The College of Chinese Wisdom: Confucius - T-A
http://www.wsj.com/articles/the-college-of-chinese-wisdom-1459520703
======
ideonexus
What has always impressed me about Confucius is how is philosophy has survived
2,000 years in China, and it is completely secular. It achieves the societal
peace religion usually makes claim to, but without the invisible man in the
sky. For all its flaws, the Imperial Examination in China, which was series of
exams on Neo-Confucian philosophy anyone could take to become certified to
work at various levels in the state bureaucracy, was quite egalitarian [1].
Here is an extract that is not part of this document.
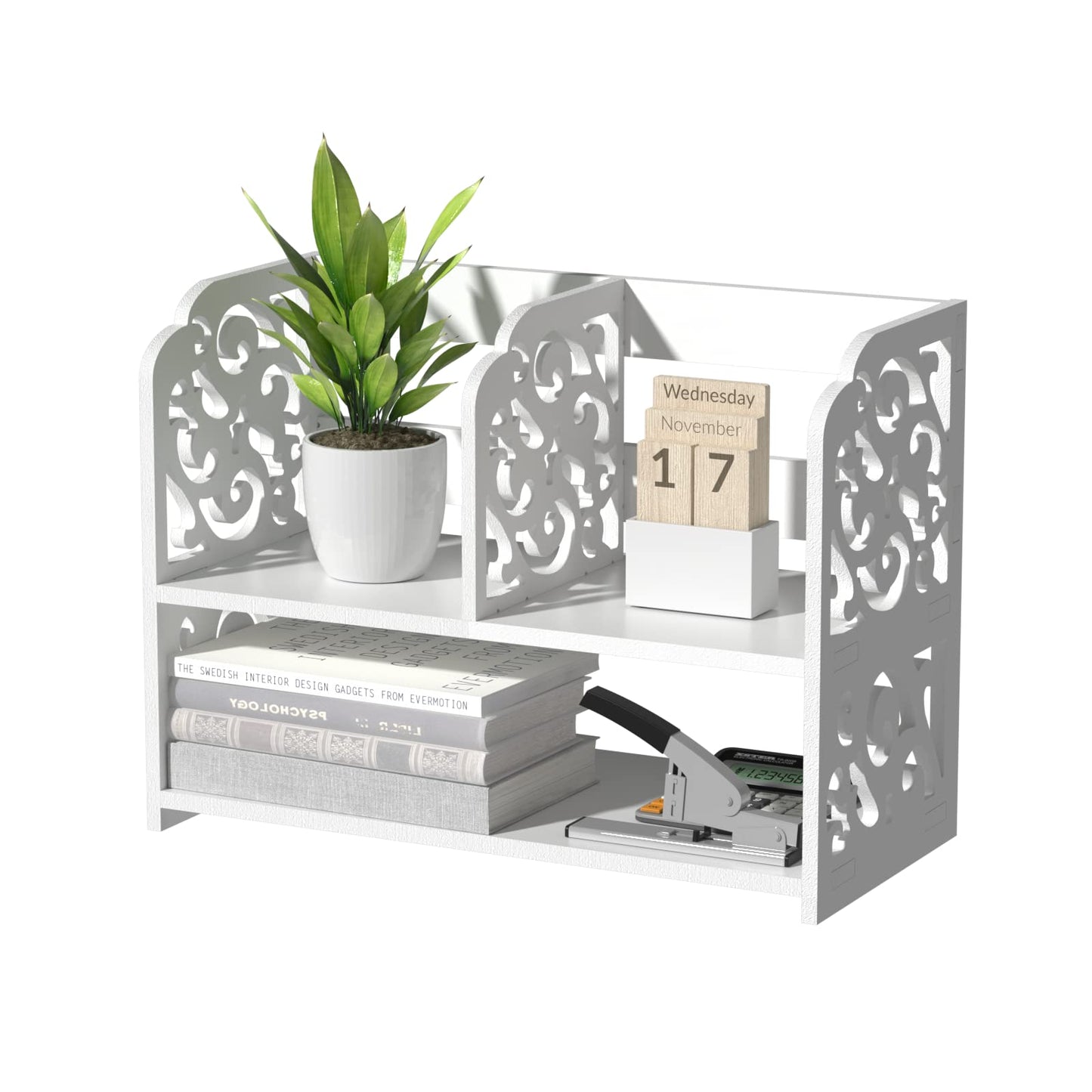 TY ARTS & CULTURE Vintage Hollow White Desktop Organizer Desk Storage Rack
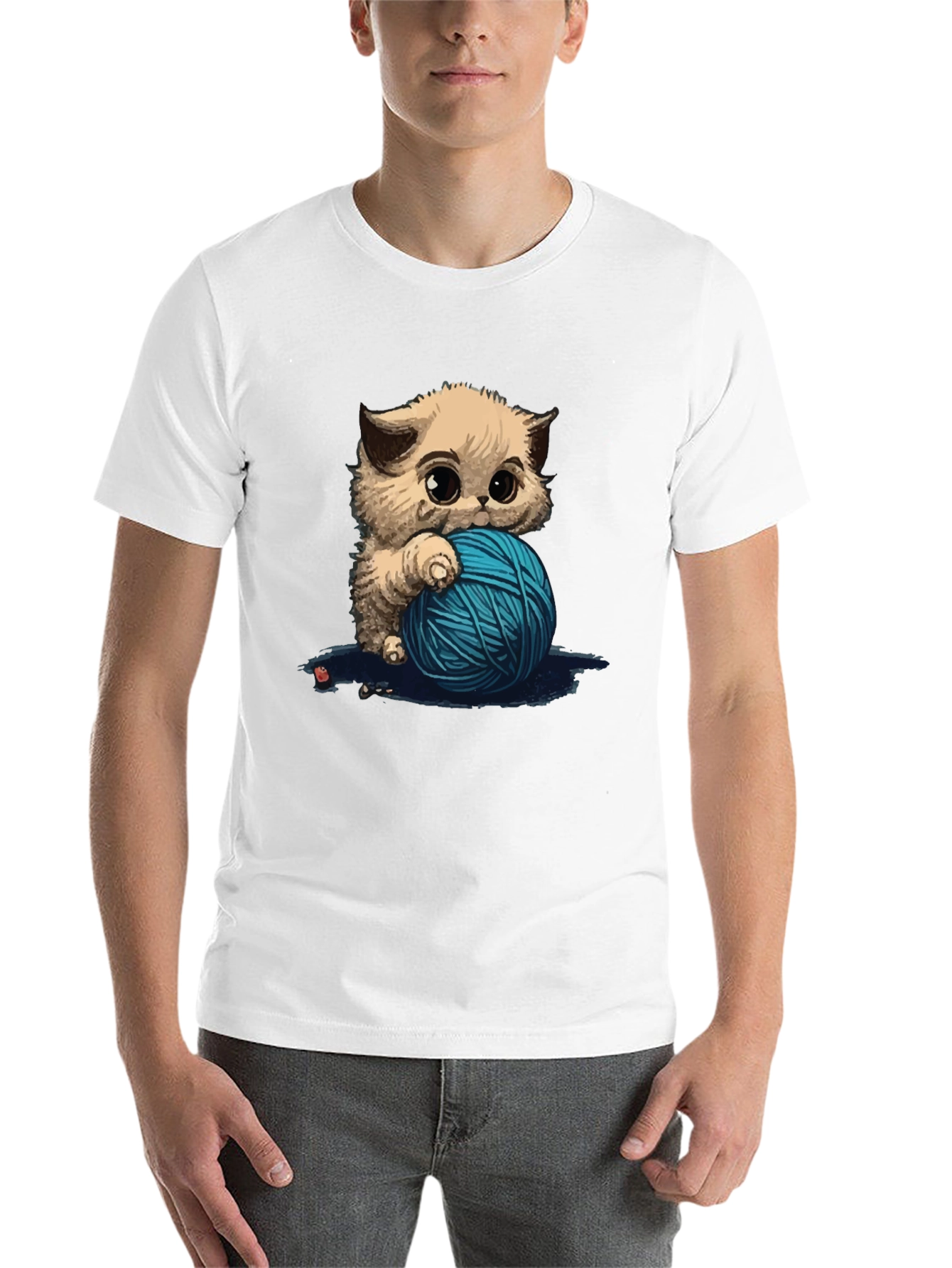 Black Cute Kitten Yarn Ball Graphic Tee view 14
But at the root of Confucianism is the idea of leading by example and through
self-discipline. If you want to understand Confucianism, "The Great Learning"
is where your studies should first begin. This is my favorite passage from
that writing:

 _The ancients who wished to illustrate illustrious virtue throughout the
kingdom, first ordered well their own states. Wishing to order well their
states, they first regulated their families. Wishing to regulate their
families, they first cultivated their persons. Wishing to cultivate their
persons, they first rectified their hearts. Wishing to rectify their hearts,
they first sought to be sincere in their thoughts. Wishing to be sincere in
their thoughts, they first extended to the utmost their knowledge. Such
extension of knowledge lay in the investigation of things._

 _Things being investigated, knowledge became complete. Their knowledge being
complete, their thoughts were sincere. Their thoughts being sincere, their
hearts were then rectified. Their hearts being rectified, their persons were
cultivated. Their persons being cultivated, their families were regulated.
Their families being regulated, their states were rightly governed. Their
states being rightly governed, the whole kingdom was made tranquil and happy._

[1]
[https://en.wikipedia.org/wiki/Imperial_examination](https://en.wikipedia.org/wiki/Imperial_examination)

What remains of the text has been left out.